On Tue, 26 Mar 2019 at 08:57, Jonathan Wakely <jwakely@fedoraproject.org> wrote:
[..] 
>What does this 42 means in this case? It means that during whole gcc build
>are repeated 42 times some subset of *autoconf tests*. How it was possible
>to loose that?!? 🤔
>gcc is quite monolithic and it should have only one configure.ac. Yes,

Why?

Really?
Really do you want me to answer on the question "why there is no any sense repeat 42 times some tests on the source code configuration stage?" ??
The GCC tree contains lots of quite separate subsystems, which are
maintained semi-independently by different groups of people. It makes
sense for me to maintain libstdc++-v3/configure.ac and
libstdc++-v3/acinclude.m4 without worrying how my changes affect the
rest of the tree.

Decades ago on the begging of the gcc development it was only handful developers around which been able to build gcc because compiler it is still not easy piece of the code to build.
To help in that process and to minimise those less skilled people mistakes decision about inclusion of the other projects code into gcc tree has been made. It was really long time ago an in mean time many tools around gcc has been developed to guarantee that exact libraries or tools would be present in for example gcc build environment.
Best example: pkgconfig.
However gcc is like some time capsule and preserved that initial state quite well straight in the code.
Seems like you do not understand the impact of the fact that some parts of the gcc code are older than some people reading this list today.

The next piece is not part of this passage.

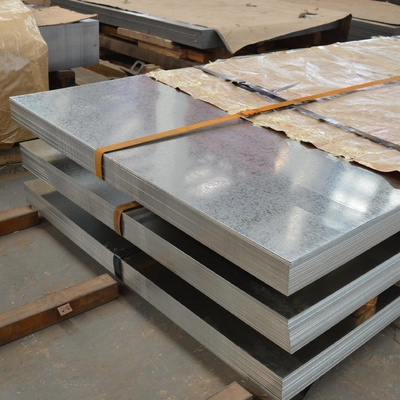16 18 calibro lamiera di acciaio galvanizzato DX51D+Z275 zinco rivestito resistenza al calore per la costruzione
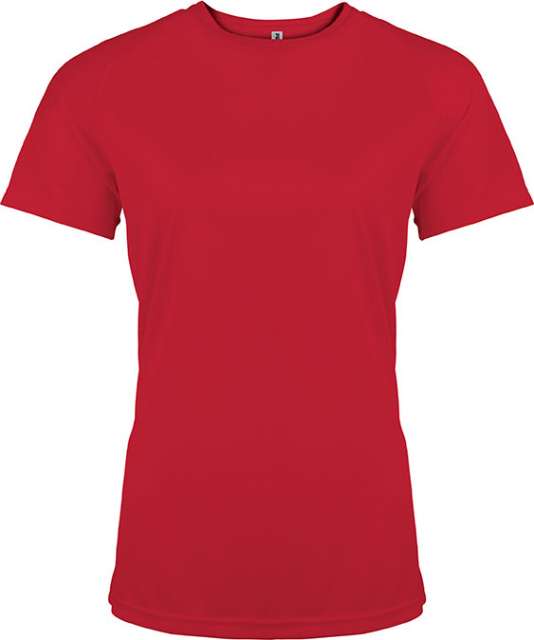 LADIES' SHORT-SLEEVED SPORTS T-SHIRT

As same as not keeping in po/ directories .pot files is not helping translators the same is with including other project code is not today helping in gcc development process. gcc as the project bottleneck is on those few people who are gcc maintainers. Maintaining code of those inclusions eats part of that precious man/hour resources.
Everything else can be scaled horizontally.

People like Jakub are thinking that they are helping other people (and by this saving some resources) by spending time on updating and committing .pot files changes, and as well syncing other projects code in gcc tree and they are right .. they are only thinking that it is still truth.
If may I one more time quote one of my beloved Latin sentences: "errare humanum est perseverare autem diabolicum".
Which can be translated to "to err is human, but to persist in error (out of pride) is diabolical".

All about I'm asking is just wake up and look around because few things have changed in last decades.
Consequence of those separations will be that some source code configurations test will be repeated .. so "do we need faster /bin/sh or not?" (if moving to meson would be to difficult).

Look on clang/llvm. People maintaining those projects already divided some nonpolitical trees and they are keeping some parts separately. The same was with Xorg.
So are those Xorg or clang developers are wrong about dividing and deliberately forcing to repeat many times some configuration stage tests?

Answer on that question is "No, they are not" because chance to have situation that some of those (sub)projects tests  will be executed in parallel on some well designed packages build machinery are now quite high.

Simple sometimes on solving some issues trying to crush them in straight confrontation is not the best way to win.
Current gcc state in many areas are really bad because within nonpolitical tree some separations already have been made which make whole build process not scaleable. This is quite easy to spot on that graph which I've decided to post here. In other words gcc source code tree is already in some "brain split" state between be nonpolitical tree and something which is not.
This not my decision about which one model for gcc should be chosen.
What worries me id that I can only bet that some decisions about internal separations within gcc tree had some more aesthetic than technical background/context.

As you see whole topic of the gcc has many sometimes orthogonal (sometimes not) aspects. To reach healthy state bore than few things simultaneously needs to be carefully balanced. Only part of that topic is related to /bin/sh and that part stretches waaay beyond gcc.

I'll try to hold my finger away from this topic because I think that I've already managed to put enough solid context around more than few things. If someone still do not understand what is discussed after pouring here such bucket of facts it not my problem. I've done all what I can and able to convince few people.
My understanding is that now it is more or less only matter of time to make some decisions and I'm not going to press on anyone.